EXERCISE OBJECTIVE
A verbatim transcript of the data that follows, free of images, is the expected result.

━━━ DATA FOR PROCESSING ━━━

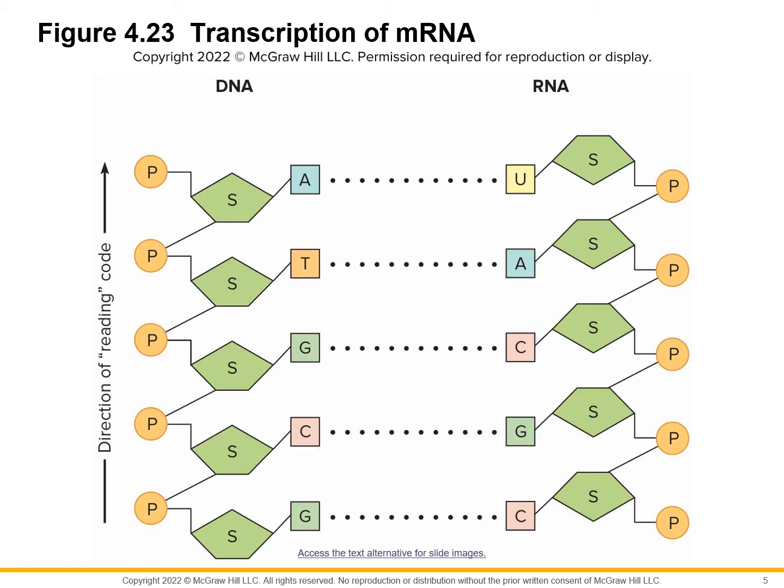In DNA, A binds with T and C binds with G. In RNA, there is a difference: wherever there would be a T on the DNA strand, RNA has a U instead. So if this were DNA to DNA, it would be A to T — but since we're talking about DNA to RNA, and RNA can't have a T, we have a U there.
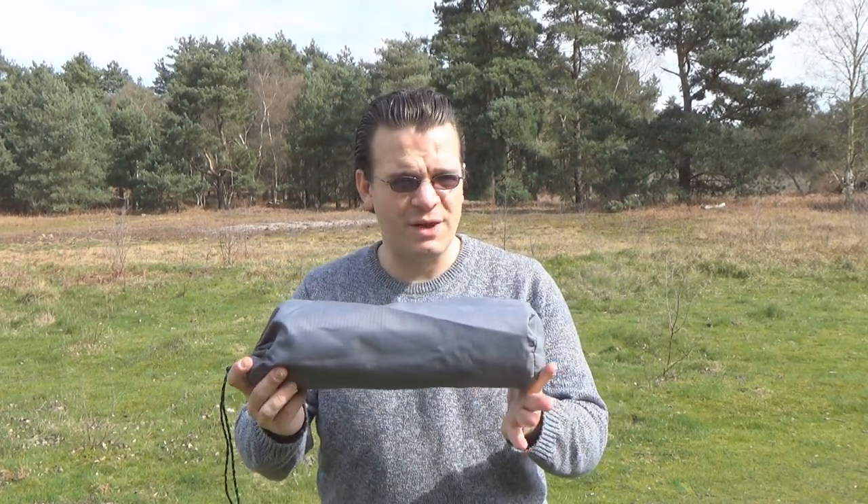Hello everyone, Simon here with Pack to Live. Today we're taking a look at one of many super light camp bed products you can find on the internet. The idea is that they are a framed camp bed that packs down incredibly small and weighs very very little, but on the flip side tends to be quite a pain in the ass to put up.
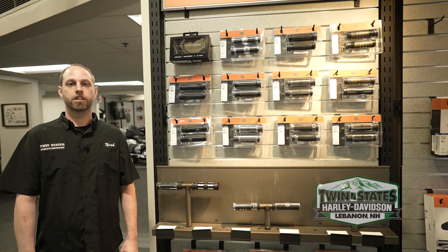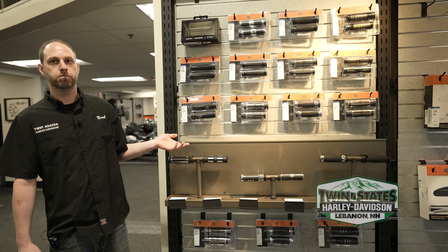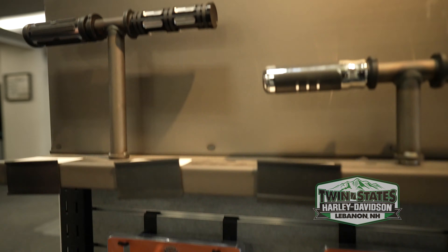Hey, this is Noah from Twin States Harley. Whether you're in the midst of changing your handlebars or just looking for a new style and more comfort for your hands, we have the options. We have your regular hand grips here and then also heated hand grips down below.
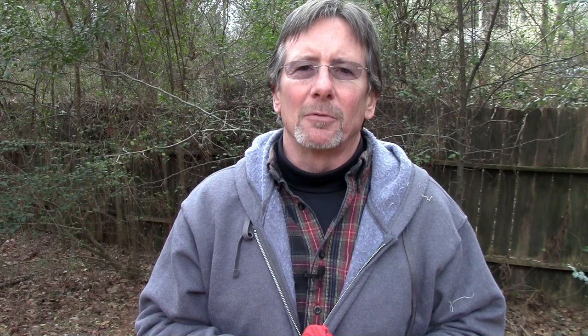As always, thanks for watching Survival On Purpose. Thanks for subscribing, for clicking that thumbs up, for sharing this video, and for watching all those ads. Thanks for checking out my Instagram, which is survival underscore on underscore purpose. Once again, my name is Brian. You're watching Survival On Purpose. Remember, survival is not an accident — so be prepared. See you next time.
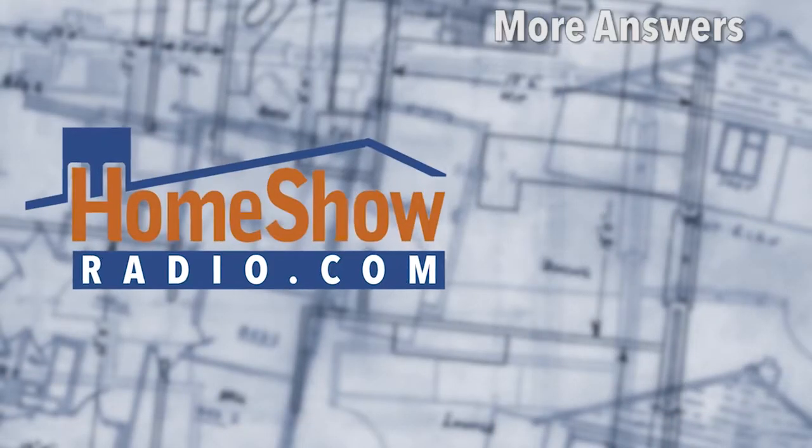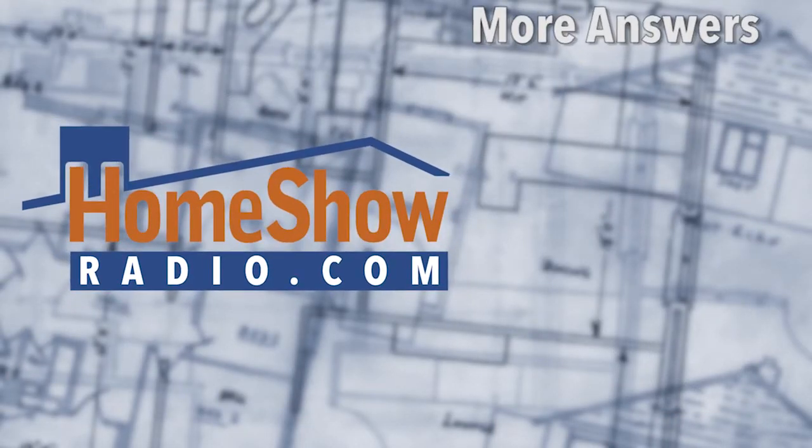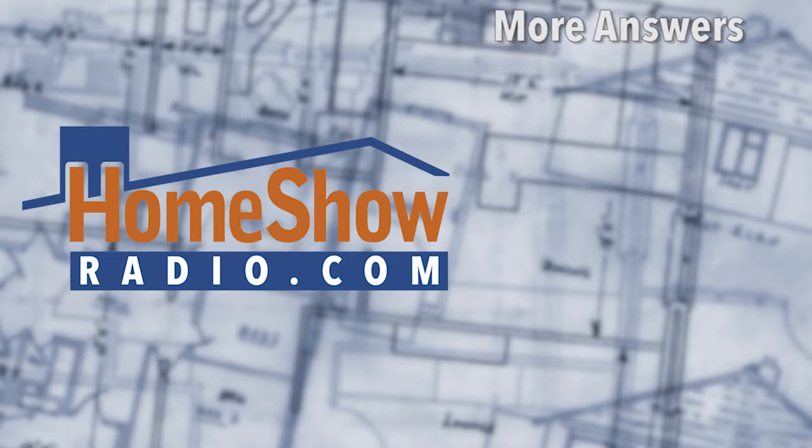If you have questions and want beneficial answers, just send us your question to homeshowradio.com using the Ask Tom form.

━━━

RESULT BELOW
In DNA, A binds with T and C binds with G. In RNA, there is a difference: wherever there would be a T on the DNA strand, RNA has a U instead. So if this were DNA to DNA, it would be A to T — but since we're talking about DNA to RNA, and RNA can't have a T, we have a U there.
Hello everyone, Simon here with Pack to Live. Today we're taking a look at one of many super light camp bed products you can find on the internet. The idea is that they are a framed camp bed that packs down incredibly small and weighs very very little, but on the flip side tends to be quite a pain in the ass to put up.
Hey, this is Noah from Twin States Harley. Whether you're in the midst of changing your handlebars or just looking for a new style and more comfort for your hands, we have the options. We have your regular hand grips here and then also heated hand grips down below.
As always, thanks for watching Survival On Purpose. Thanks for subscribing, for clicking that thumbs up, for sharing this video, and for watching all those ads. Thanks for checking out my Instagram, which is survival underscore on underscore purpose. Once again, my name is Brian. You're watching Survival On Purpose. Remember, survival is not an accident — so be prepared. See you next time.
If you have questions and want beneficial answers, just send us your question to homeshowradio.com using the Ask Tom form.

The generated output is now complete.